Milton Babbitt was a thorn in my side for the better part of the eight years I spent at the Massachusetts Institute of Technology (MIT), four as an undergraduate major in Mathematics and four leading to my doctoral degree in Applied Mathematics. The sharp tip of that point was an essay he had written entitled “Twelve-Tone Invariants as Compositional Determinants,” first published in The Musical Quarterly in 1962 and subsequently included in the book Problems of Modern Music: The Princeton Seminar in Advanced Musical Studies, edited by Paul Henry Lang. (One day when I was not looking, one of my fellow students pencilled in the title page under the words “Problems of Modern Music” the phrase, “Mainly, it doesn’t sound good.” Such was life during my student days.)
I suppose it would be fair to say that Babbitt wrote his article to make the case that group theory (a discipline of abstract algebra) could be harnessed to analyze twelve-tone compositions. To be fair, Arnold Schoenberg himself had developed a representation in the form of a twelve-by-twelve grid, which, for any given twelve-tone row, provided a compact representation of the 48 statements of the row, accounting for the twelve chromatic transpositions of the row itself, along with the inversion, retrograde, and retrograde-inversion forms. My guess is that, when Babbitt saw one of those grids for the first time, the concept of permutation groups leapt to mind. (Babbitt began his collegiate education as a mathematics major, only later moving over to music.)
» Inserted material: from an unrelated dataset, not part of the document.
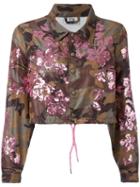 Gcds - Sequined Camouflage Print Cropped Jacket - Women - Polyamide - S, Women's, Green, Polyamide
MIT had an impressive number of mathematicians on its faculty, and many of them were well-versed in group theory. So, since I was having a lot of trouble getting my head around Babbitt’s Problems in Modern Music essay, I loaned my book to one of the full professors on that faculty. When I came by his office the next morning, he declaimed, “What is this garbage?” (or words to that effect). It did not take me long to finally recognize that, while Babbitt may have known how to talk the talk of a mathematician, he was pathetically incapable of walking the walk.
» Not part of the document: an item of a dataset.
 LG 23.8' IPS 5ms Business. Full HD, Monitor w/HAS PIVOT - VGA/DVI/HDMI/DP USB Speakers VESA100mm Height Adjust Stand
To be fair, many years later, shortly after my doctoral thesis had been approved, I met a pianist that was preparing a Babbitt composition for recital. I sat beside him on his bench while he did a run-through, and I was quite impressed with how he had endowed all of those marks on paper with expressiveness. When it came to our talking about the what, why, and how of his approach to performance, mathematics never reared its head.
Cover of the album being discussed (courtesy of AMT Public Relations)
All of those paragraphs were written to establish a mind-set for an album of Babbitt compositions that was released by New Focus Recordings at the end of this past October. The title of the album is Milton Babbitt: Works for Treble Voice and Piano. The 21 tracks are performed by soprano Nina Berman and pianist Steve Beck. The six-movement “A Solo Requiem” requires two pianos, and the second pianist is Eric Huebner.
The good news is that the listening experience was rich enough that my mind never lapsed into thoughts of higher mathematics. On the other hand, when I consulted Babbitt’s Wikipedia page, I discovered that his list of compositions was divided into three periods. These covered the intervals of 1935–1960, 1961–1979, and 1979–2006, respectively. All of those periods are represented on Berman’s album. However, if I were to play this CD in “shuffle mode,” I doubt that listening alone would allow me to identify which tracks resided in which interval.
All that I can say for sure is that the demands made on the performers could not have been more intense. (That was the same impression I had listening to the pianist prepare for his recital.) As a result, it is hard for me to avoid suggesting that, regardless of what track one first encounters, all of the other tracks will come across as “more of the same.” It would probably be fair for the reader to then ask, “The same what?” The only answer I can give is, “Darned it I know!” As to whether or not Babbitt will be remembered for his cryptic ventures into higher mathematics, I can only say that, in the mid-Seventies, a colleague of mine in the Music Department at the University of Pennsylvania declared, with no uncertainty and with a fond memory of Milton Berle, “Nobody is afraid of Uncle Miltie any more!”